[TASK INPUTS Boundary: Start]
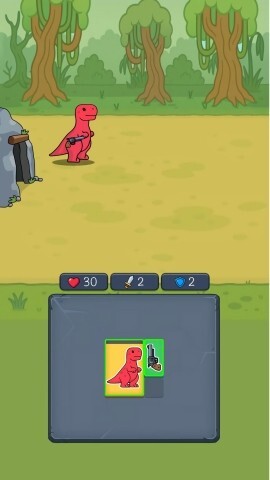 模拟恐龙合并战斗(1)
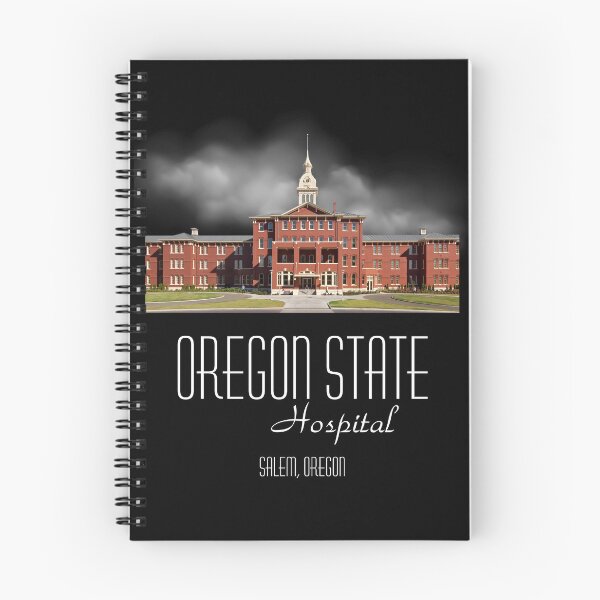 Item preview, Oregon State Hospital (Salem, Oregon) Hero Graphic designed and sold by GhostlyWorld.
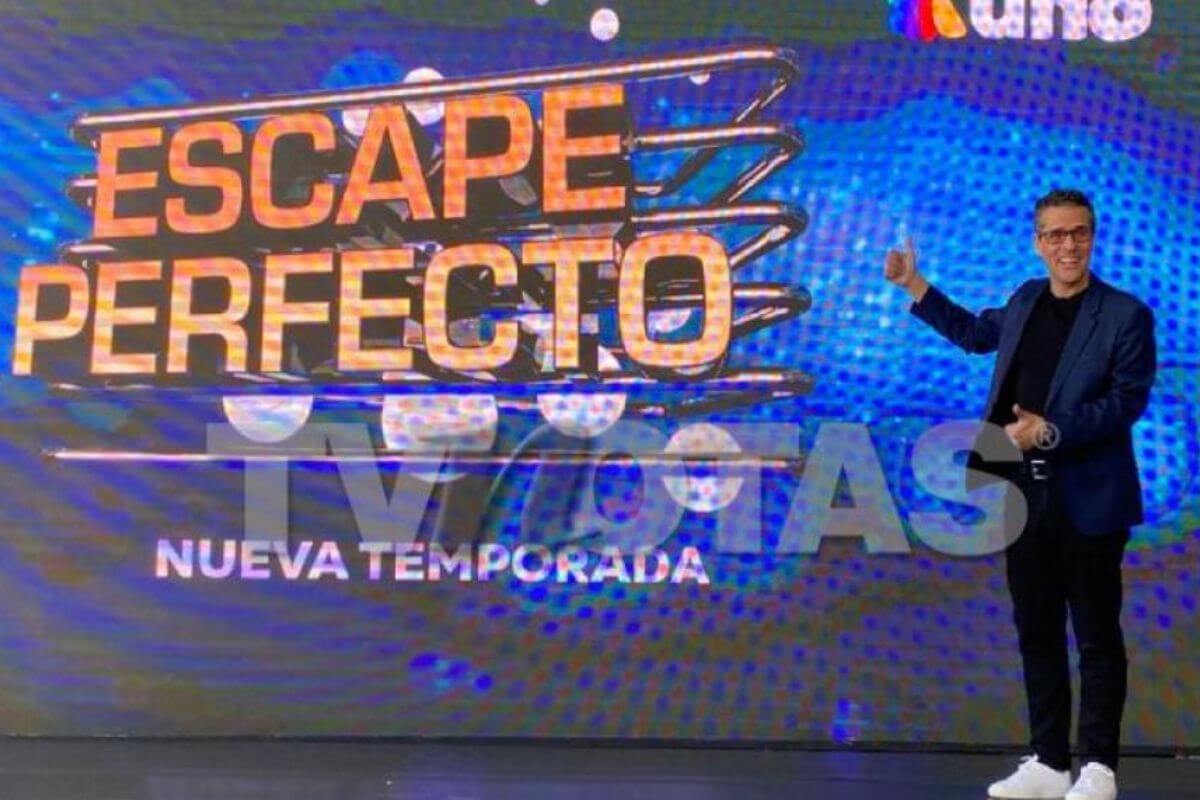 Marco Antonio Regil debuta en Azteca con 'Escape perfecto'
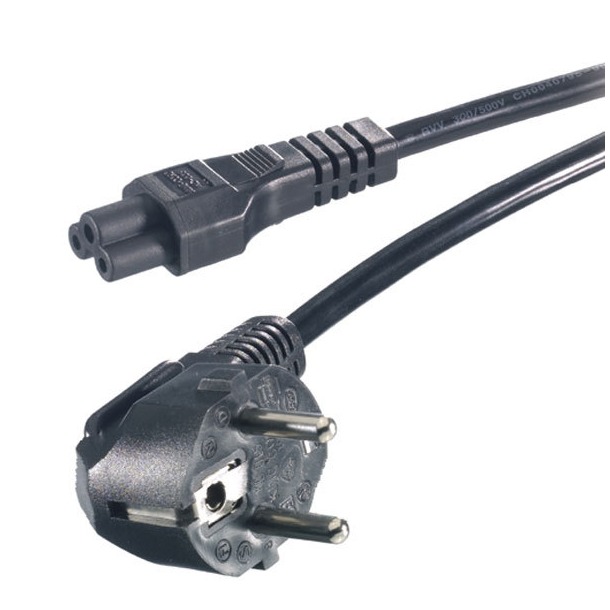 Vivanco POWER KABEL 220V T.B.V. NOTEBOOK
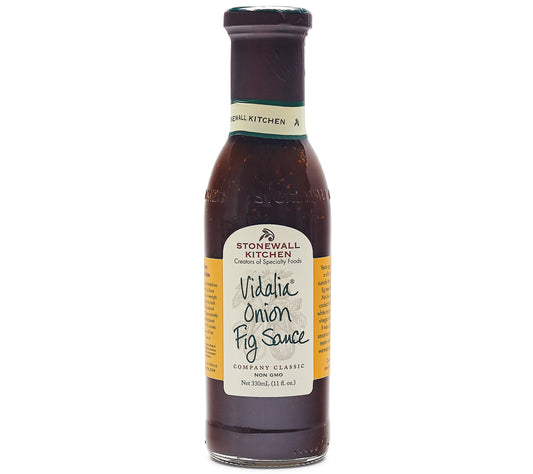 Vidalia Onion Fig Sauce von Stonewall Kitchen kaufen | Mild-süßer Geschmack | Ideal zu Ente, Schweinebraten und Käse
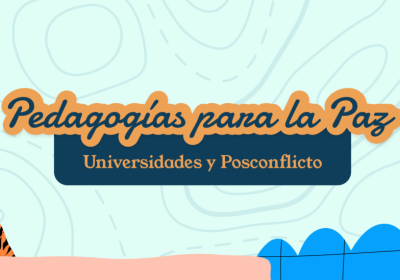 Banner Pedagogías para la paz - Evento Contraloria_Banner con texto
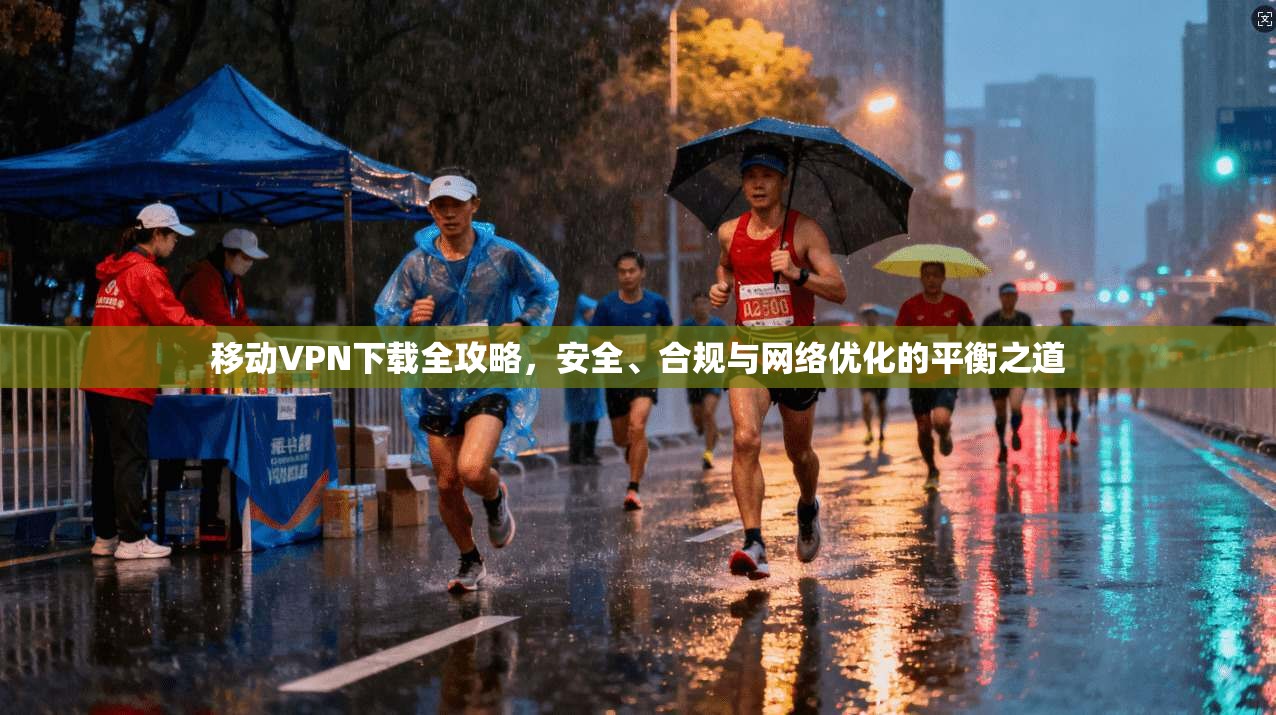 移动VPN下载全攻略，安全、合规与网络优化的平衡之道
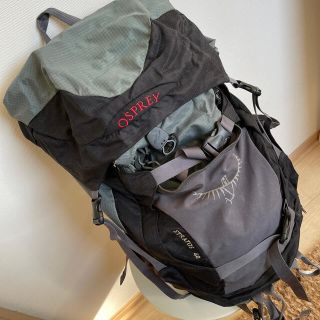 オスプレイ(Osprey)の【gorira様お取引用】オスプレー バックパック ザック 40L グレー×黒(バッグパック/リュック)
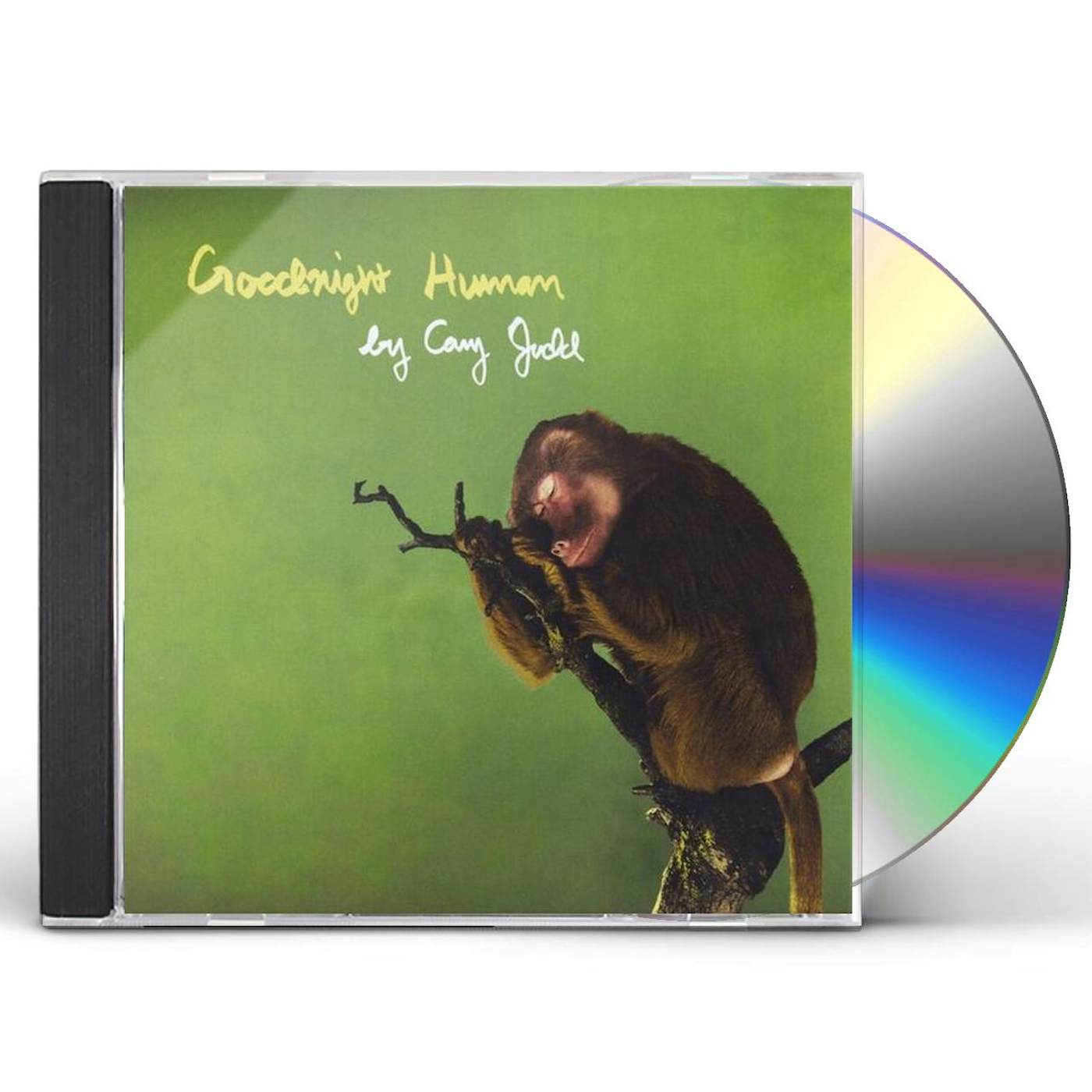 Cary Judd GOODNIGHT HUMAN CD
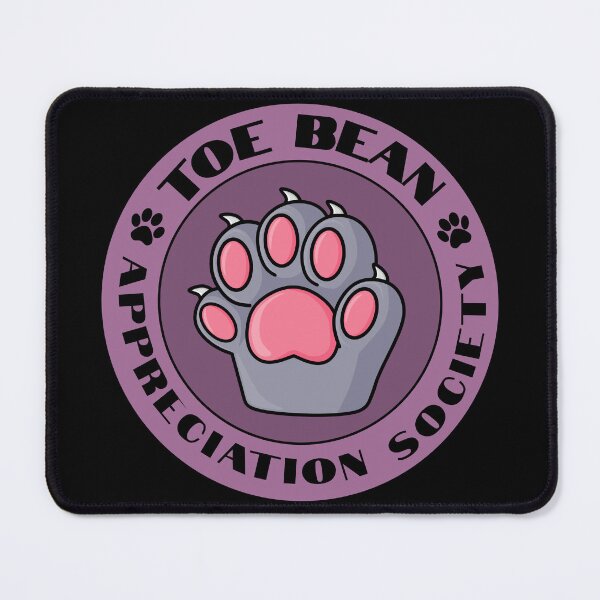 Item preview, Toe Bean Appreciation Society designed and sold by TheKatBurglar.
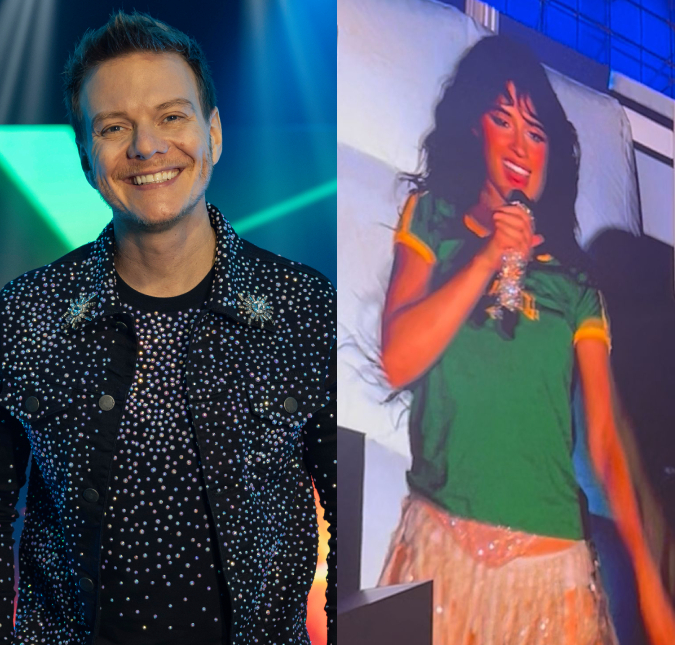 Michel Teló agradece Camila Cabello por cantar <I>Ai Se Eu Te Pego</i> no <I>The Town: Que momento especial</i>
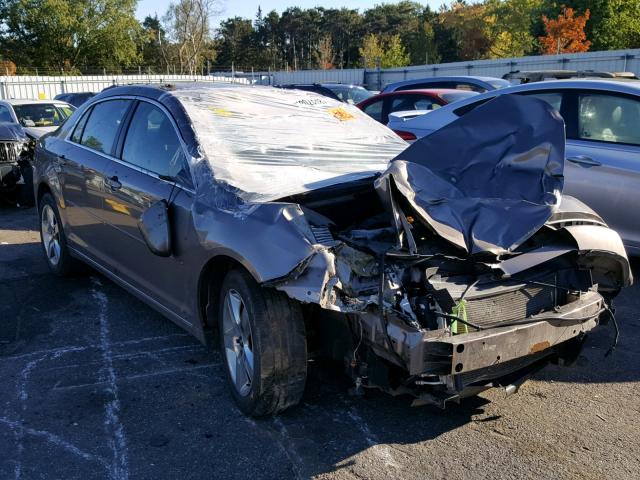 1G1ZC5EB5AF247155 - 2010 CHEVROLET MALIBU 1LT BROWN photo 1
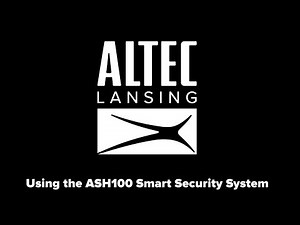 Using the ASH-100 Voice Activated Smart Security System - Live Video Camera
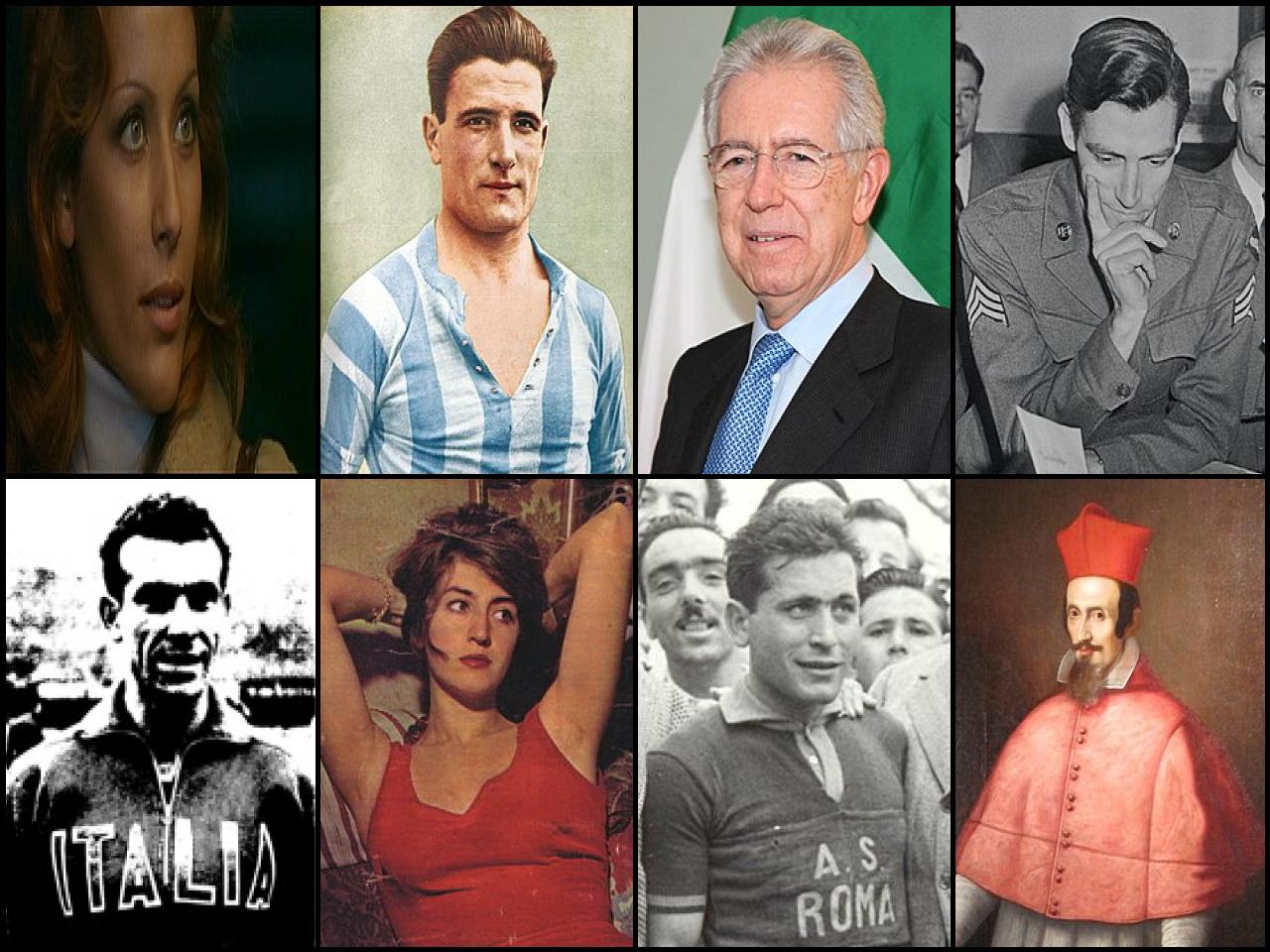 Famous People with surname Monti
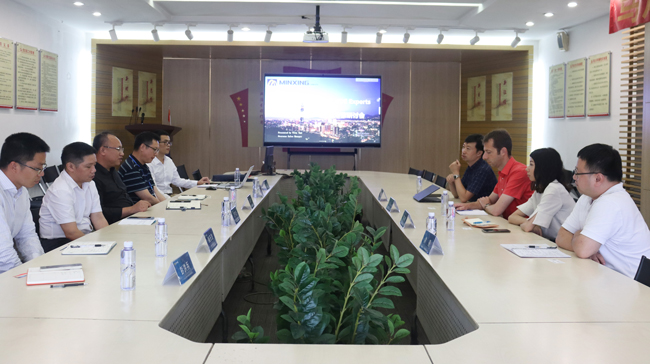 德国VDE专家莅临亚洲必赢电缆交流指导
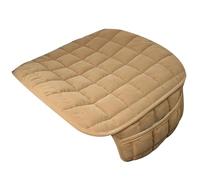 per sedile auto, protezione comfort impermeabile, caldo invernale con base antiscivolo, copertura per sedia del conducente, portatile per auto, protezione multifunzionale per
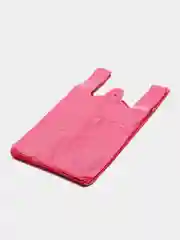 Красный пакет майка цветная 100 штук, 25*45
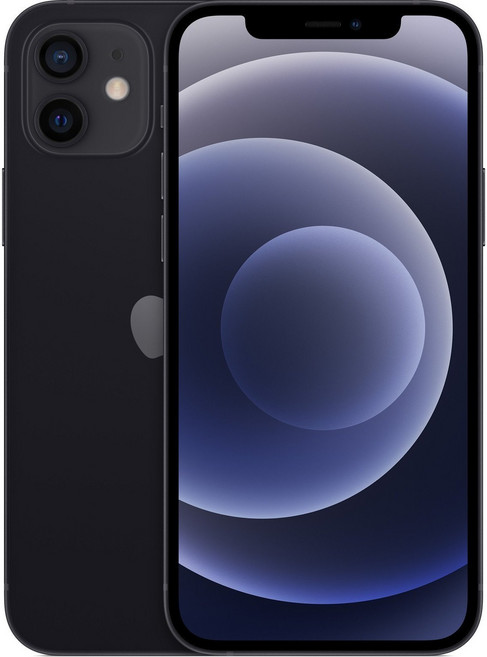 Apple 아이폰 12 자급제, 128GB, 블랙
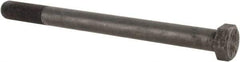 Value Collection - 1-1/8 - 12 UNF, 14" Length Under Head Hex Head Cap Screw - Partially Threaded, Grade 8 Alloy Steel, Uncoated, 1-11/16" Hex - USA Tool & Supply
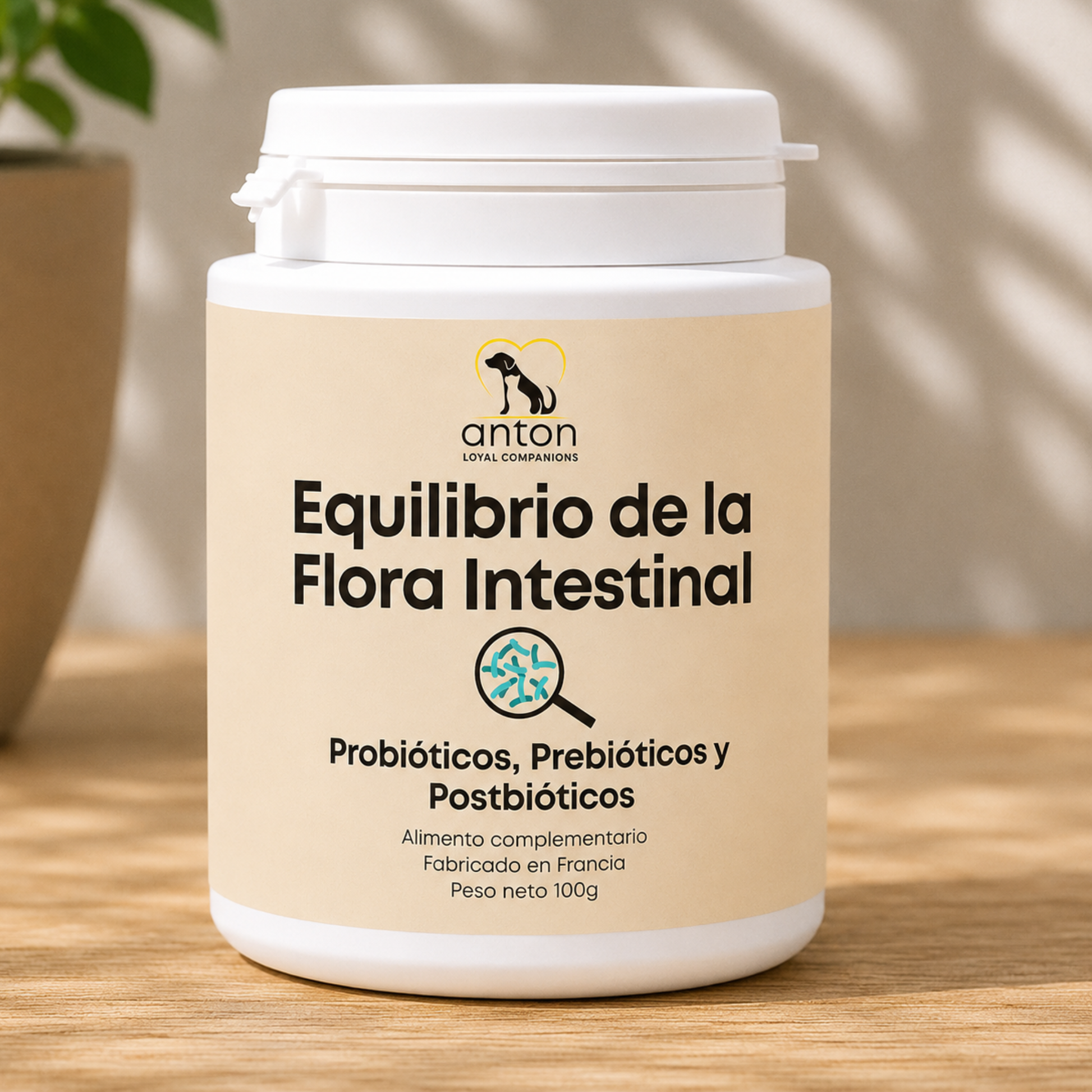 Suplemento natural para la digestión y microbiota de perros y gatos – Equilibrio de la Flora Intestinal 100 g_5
[TASK INPUTS Boundary: End]
▸ **WORK REQUEST**
From the first line to the last, repeat the records exactly and skip the pictures.

▸ **ANSWER TO THIS EXERCISE**
 模拟恐龙合并战斗(1)
 Item preview, Oregon State Hospital (Salem, Oregon) Hero Graphic designed and sold by GhostlyWorld.
 Marco Antonio Regil debuta en Azteca con 'Escape perfecto'
 Vivanco POWER KABEL 220V T.B.V. NOTEBOOK
 Vidalia Onion Fig Sauce von Stonewall Kitchen kaufen | Mild-süßer Geschmack | Ideal zu Ente, Schweinebraten und Käse
 Banner Pedagogías para la paz - Evento Contraloria_Banner con texto
 移动VPN下载全攻略，安全、合规与网络优化的平衡之道
 オスプレイ(Osprey)の【gorira様お取引用】オスプレー バックパック ザック 40L グレー×黒(バッグパック/リュック)
 Cary Judd GOODNIGHT HUMAN CD
 Item preview, Toe Bean Appreciation Society designed and sold by TheKatBurglar.
 Michel Teló agradece Camila Cabello por cantar <I>Ai Se Eu Te Pego</i> no <I>The Town: Que momento especial</i>
 1G1ZC5EB5AF247155 - 2010 CHEVROLET MALIBU 1LT BROWN photo 1
 Using the ASH-100 Voice Activated Smart Security System - Live Video Camera
 Famous People with surname Monti
 德国VDE专家莅临亚洲必赢电缆交流指导
 per sedile auto, protezione comfort impermeabile, caldo invernale con base antiscivolo, copertura per sedia del conducente, portatile per auto, protezione multifunzionale per
 Красный пакет майка цветная 100 штук, 25*45
 Apple 아이폰 12 자급제, 128GB, 블랙
 Value Collection - 1-1/8 - 12 UNF, 14" Length Under Head Hex Head Cap Screw - Partially Threaded, Grade 8 Alloy Steel, Uncoated, 1-11/16" Hex - USA Tool & Supply
 Suplemento natural para la digestión y microbiota de perros y gatos – Equilibrio de la Flora Intestinal 100 g_5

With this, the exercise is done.